| WORK INSTRUCTION |
Give the records again exactly, with every character kept.

(SUPPLIED ENTRIES)

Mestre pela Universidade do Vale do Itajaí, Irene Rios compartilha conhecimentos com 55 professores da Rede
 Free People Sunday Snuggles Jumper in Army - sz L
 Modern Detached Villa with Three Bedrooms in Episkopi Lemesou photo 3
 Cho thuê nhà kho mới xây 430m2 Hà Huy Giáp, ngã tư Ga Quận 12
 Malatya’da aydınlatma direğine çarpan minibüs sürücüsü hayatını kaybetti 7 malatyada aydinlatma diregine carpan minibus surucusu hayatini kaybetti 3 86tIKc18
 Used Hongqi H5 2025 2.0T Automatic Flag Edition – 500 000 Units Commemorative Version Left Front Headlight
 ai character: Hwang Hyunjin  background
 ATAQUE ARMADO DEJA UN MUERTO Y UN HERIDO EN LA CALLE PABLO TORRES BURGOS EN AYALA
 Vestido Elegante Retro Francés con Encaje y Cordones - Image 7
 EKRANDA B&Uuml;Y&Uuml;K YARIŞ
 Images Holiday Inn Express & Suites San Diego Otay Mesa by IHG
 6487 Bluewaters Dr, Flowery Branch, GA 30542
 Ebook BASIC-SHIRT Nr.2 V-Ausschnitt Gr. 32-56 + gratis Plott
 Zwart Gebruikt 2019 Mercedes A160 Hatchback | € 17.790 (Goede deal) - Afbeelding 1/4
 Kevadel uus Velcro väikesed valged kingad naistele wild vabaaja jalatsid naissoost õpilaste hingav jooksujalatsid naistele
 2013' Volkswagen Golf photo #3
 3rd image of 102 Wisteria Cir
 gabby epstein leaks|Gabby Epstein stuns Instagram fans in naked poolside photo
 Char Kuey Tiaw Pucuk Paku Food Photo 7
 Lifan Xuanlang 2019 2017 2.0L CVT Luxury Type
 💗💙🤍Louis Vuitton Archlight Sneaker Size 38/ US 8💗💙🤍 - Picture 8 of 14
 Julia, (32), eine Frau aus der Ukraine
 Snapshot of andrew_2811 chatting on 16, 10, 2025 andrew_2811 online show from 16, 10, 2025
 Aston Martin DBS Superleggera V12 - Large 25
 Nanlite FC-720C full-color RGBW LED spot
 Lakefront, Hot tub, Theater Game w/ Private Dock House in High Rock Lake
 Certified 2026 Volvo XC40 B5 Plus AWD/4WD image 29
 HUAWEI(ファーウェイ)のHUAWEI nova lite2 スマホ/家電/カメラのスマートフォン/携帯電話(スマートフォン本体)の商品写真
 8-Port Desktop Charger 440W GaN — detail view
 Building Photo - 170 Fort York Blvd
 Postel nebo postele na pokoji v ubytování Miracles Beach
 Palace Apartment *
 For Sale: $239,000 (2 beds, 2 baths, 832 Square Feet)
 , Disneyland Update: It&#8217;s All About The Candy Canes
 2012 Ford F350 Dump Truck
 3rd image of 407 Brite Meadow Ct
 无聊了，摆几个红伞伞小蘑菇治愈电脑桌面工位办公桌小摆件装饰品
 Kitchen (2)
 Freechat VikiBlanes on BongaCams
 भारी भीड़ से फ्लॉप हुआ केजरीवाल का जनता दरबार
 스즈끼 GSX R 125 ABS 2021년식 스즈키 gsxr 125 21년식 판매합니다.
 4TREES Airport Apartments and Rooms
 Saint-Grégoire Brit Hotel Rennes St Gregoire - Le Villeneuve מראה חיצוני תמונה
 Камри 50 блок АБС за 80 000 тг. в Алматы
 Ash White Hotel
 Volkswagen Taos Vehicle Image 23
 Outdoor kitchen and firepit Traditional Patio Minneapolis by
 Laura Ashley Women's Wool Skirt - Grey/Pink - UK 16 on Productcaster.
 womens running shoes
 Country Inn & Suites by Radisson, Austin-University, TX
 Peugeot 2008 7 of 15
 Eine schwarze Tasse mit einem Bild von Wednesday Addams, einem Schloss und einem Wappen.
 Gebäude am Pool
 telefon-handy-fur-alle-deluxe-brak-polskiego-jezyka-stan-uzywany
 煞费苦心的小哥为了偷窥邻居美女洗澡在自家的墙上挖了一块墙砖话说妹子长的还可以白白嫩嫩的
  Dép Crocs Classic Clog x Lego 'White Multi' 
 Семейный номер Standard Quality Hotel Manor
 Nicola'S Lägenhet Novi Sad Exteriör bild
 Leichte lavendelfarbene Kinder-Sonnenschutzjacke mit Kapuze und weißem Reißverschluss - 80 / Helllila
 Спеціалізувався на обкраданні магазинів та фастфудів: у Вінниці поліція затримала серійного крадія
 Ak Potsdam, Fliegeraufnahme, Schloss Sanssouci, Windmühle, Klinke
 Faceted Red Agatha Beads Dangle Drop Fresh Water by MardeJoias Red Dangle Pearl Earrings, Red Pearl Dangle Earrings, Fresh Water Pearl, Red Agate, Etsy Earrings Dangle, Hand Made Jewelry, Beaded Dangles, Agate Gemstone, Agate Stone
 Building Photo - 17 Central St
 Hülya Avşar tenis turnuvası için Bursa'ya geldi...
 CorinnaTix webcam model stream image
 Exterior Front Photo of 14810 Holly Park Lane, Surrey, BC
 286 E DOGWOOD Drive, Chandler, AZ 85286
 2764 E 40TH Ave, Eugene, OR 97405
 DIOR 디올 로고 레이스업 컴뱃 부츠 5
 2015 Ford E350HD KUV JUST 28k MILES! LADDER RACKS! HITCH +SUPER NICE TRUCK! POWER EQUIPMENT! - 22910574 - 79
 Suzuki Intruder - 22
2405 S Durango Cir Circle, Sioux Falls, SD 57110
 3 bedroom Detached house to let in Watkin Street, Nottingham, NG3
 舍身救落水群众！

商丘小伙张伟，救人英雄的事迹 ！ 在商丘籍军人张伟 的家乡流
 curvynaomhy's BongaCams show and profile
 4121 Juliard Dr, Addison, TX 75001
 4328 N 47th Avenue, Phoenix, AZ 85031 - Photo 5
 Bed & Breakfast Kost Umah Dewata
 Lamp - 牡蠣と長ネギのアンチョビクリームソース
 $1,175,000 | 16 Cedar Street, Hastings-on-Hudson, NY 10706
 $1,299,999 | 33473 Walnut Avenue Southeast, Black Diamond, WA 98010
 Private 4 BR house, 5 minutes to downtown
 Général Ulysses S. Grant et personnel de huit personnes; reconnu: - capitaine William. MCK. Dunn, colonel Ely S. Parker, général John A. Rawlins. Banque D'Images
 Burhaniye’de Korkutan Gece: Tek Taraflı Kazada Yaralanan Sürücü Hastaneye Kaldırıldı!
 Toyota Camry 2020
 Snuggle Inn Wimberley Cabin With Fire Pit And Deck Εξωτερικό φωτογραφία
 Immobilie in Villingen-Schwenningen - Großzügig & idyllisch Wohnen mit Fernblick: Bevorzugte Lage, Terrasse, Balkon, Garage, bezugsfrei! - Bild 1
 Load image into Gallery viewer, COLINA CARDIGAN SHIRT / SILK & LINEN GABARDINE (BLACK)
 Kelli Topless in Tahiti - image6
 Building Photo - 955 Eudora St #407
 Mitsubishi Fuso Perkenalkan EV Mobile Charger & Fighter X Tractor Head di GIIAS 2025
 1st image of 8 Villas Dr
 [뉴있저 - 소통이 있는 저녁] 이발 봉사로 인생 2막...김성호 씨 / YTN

(End SUPPLIED ENTRIES)

| SOLUTION FOR THIS TASK |
Mestre pela Universidade do Vale do Itajaí, Irene Rios compartilha conhecimentos com 55 professores da Rede
 Free People Sunday Snuggles Jumper in Army - sz L
 Modern Detached Villa with Three Bedrooms in Episkopi Lemesou photo 3
 Cho thuê nhà kho mới xây 430m2 Hà Huy Giáp, ngã tư Ga Quận 12
 Malatya’da aydınlatma direğine çarpan minibüs sürücüsü hayatını kaybetti 7 malatyada aydinlatma diregine carpan minibus surucusu hayatini kaybetti 3 86tIKc18
 Used Hongqi H5 2025 2.0T Automatic Flag Edition – 500 000 Units Commemorative Version Left Front Headlight
 ai character: Hwang Hyunjin  background
 ATAQUE ARMADO DEJA UN MUERTO Y UN HERIDO EN LA CALLE PABLO TORRES BURGOS EN AYALA
 Vestido Elegante Retro Francés con Encaje y Cordones - Image 7
 EKRANDA B&Uuml;Y&Uuml;K YARIŞ
 Images Holiday Inn Express & Suites San Diego Otay Mesa by IHG
 6487 Bluewaters Dr, Flowery Branch, GA 30542
 Ebook BASIC-SHIRT Nr.2 V-Ausschnitt Gr. 32-56 + gratis Plott
 Zwart Gebruikt 2019 Mercedes A160 Hatchback | € 17.790 (Goede deal) - Afbeelding 1/4
 Kevadel uus Velcro väikesed valged kingad naistele wild vabaaja jalatsid naissoost õpilaste hingav jooksujalatsid naistele
 2013' Volkswagen Golf photo #3
 3rd image of 102 Wisteria Cir
 gabby epstein leaks|Gabby Epstein stuns Instagram fans in naked poolside photo
 Char Kuey Tiaw Pucuk Paku Food Photo 7
 Lifan Xuanlang 2019 2017 2.0L CVT Luxury Type
 💗💙🤍Louis Vuitton Archlight Sneaker Size 38/ US 8💗💙🤍 - Picture 8 of 14
 Julia, (32), eine Frau aus der Ukraine
 Snapshot of andrew_2811 chatting on 16, 10, 2025 andrew_2811 online show from 16, 10, 2025
 Aston Martin DBS Superleggera V12 - Large 25
 Nanlite FC-720C full-color RGBW LED spot
 Lakefront, Hot tub, Theater Game w/ Private Dock House in High Rock Lake
 Certified 2026 Volvo XC40 B5 Plus AWD/4WD image 29
 HUAWEI(ファーウェイ)のHUAWEI nova lite2 スマホ/家電/カメラのスマートフォン/携帯電話(スマートフォン本体)の商品写真
 8-Port Desktop Charger 440W GaN — detail view
 Building Photo - 170 Fort York Blvd
 Postel nebo postele na pokoji v ubytování Miracles Beach
 Palace Apartment *
 For Sale: $239,000 (2 beds, 2 baths, 832 Square Feet)
 , Disneyland Update: It&#8217;s All About The Candy Canes
 2012 Ford F350 Dump Truck
 3rd image of 407 Brite Meadow Ct
 无聊了，摆几个红伞伞小蘑菇治愈电脑桌面工位办公桌小摆件装饰品
 Kitchen (2)
 Freechat VikiBlanes on BongaCams
 भारी भीड़ से फ्लॉप हुआ केजरीवाल का जनता दरबार
 스즈끼 GSX R 125 ABS 2021년식 스즈키 gsxr 125 21년식 판매합니다.
 4TREES Airport Apartments and Rooms
 Saint-Grégoire Brit Hotel Rennes St Gregoire - Le Villeneuve מראה חיצוני תמונה
 Камри 50 блок АБС за 80 000 тг. в Алматы
 Ash White Hotel
 Volkswagen Taos Vehicle Image 23
 Outdoor kitchen and firepit Traditional Patio Minneapolis by
 Laura Ashley Women's Wool Skirt - Grey/Pink - UK 16 on Productcaster.
 womens running shoes
 Country Inn & Suites by Radisson, Austin-University, TX
 Peugeot 2008 7 of 15
 Eine schwarze Tasse mit einem Bild von Wednesday Addams, einem Schloss und einem Wappen.
 Gebäude am Pool
 telefon-handy-fur-alle-deluxe-brak-polskiego-jezyka-stan-uzywany
 煞费苦心的小哥为了偷窥邻居美女洗澡在自家的墙上挖了一块墙砖话说妹子长的还可以白白嫩嫩的
  Dép Crocs Classic Clog x Lego 'White Multi' 
 Семейный номер Standard Quality Hotel Manor
 Nicola'S Lägenhet Novi Sad Exteriör bild
 Leichte lavendelfarbene Kinder-Sonnenschutzjacke mit Kapuze und weißem Reißverschluss - 80 / Helllila
 Спеціалізувався на обкраданні магазинів та фастфудів: у Вінниці поліція затримала серійного крадія
 Ak Potsdam, Fliegeraufnahme, Schloss Sanssouci, Windmühle, Klinke
 Faceted Red Agatha Beads Dangle Drop Fresh Water by MardeJoias Red Dangle Pearl Earrings, Red Pearl Dangle Earrings, Fresh Water Pearl, Red Agate, Etsy Earrings Dangle, Hand Made Jewelry, Beaded Dangles, Agate Gemstone, Agate Stone
 Building Photo - 17 Central St
 Hülya Avşar tenis turnuvası için Bursa'ya geldi...
 CorinnaTix webcam model stream image
 Exterior Front Photo of 14810 Holly Park Lane, Surrey, BC
 286 E DOGWOOD Drive, Chandler, AZ 85286
 2764 E 40TH Ave, Eugene, OR 97405
 DIOR 디올 로고 레이스업 컴뱃 부츠 5
 2015 Ford E350HD KUV JUST 28k MILES! LADDER RACKS! HITCH +SUPER NICE TRUCK! POWER EQUIPMENT! - 22910574 - 79
 Suzuki Intruder - 22
2405 S Durango Cir Circle, Sioux Falls, SD 57110
 3 bedroom Detached house to let in Watkin Street, Nottingham, NG3
 舍身救落水群众！

商丘小伙张伟，救人英雄的事迹 ！ 在商丘籍军人张伟 的家乡流
 curvynaomhy's BongaCams show and profile
 4121 Juliard Dr, Addison, TX 75001
 4328 N 47th Avenue, Phoenix, AZ 85031 - Photo 5
 Bed & Breakfast Kost Umah Dewata
 Lamp - 牡蠣と長ネギのアンチョビクリームソース
 $1,175,000 | 16 Cedar Street, Hastings-on-Hudson, NY 10706
 $1,299,999 | 33473 Walnut Avenue Southeast, Black Diamond, WA 98010
 Private 4 BR house, 5 minutes to downtown
 Général Ulysses S. Grant et personnel de huit personnes; reconnu: - capitaine William. MCK. Dunn, colonel Ely S. Parker, général John A. Rawlins. Banque D'Images
 Burhaniye’de Korkutan Gece: Tek Taraflı Kazada Yaralanan Sürücü Hastaneye Kaldırıldı!
 Toyota Camry 2020
 Snuggle Inn Wimberley Cabin With Fire Pit And Deck Εξωτερικό φωτογραφία
 Immobilie in Villingen-Schwenningen - Großzügig & idyllisch Wohnen mit Fernblick: Bevorzugte Lage, Terrasse, Balkon, Garage, bezugsfrei! - Bild 1
 Load image into Gallery viewer, COLINA CARDIGAN SHIRT / SILK & LINEN GABARDINE (BLACK)
 Kelli Topless in Tahiti - image6
 Building Photo - 955 Eudora St #407
 Mitsubishi Fuso Perkenalkan EV Mobile Charger & Fighter X Tractor Head di GIIAS 2025
 1st image of 8 Villas Dr
 [뉴있저 - 소통이 있는 저녁] 이발 봉사로 인생 2막...김성호 씨 / YTN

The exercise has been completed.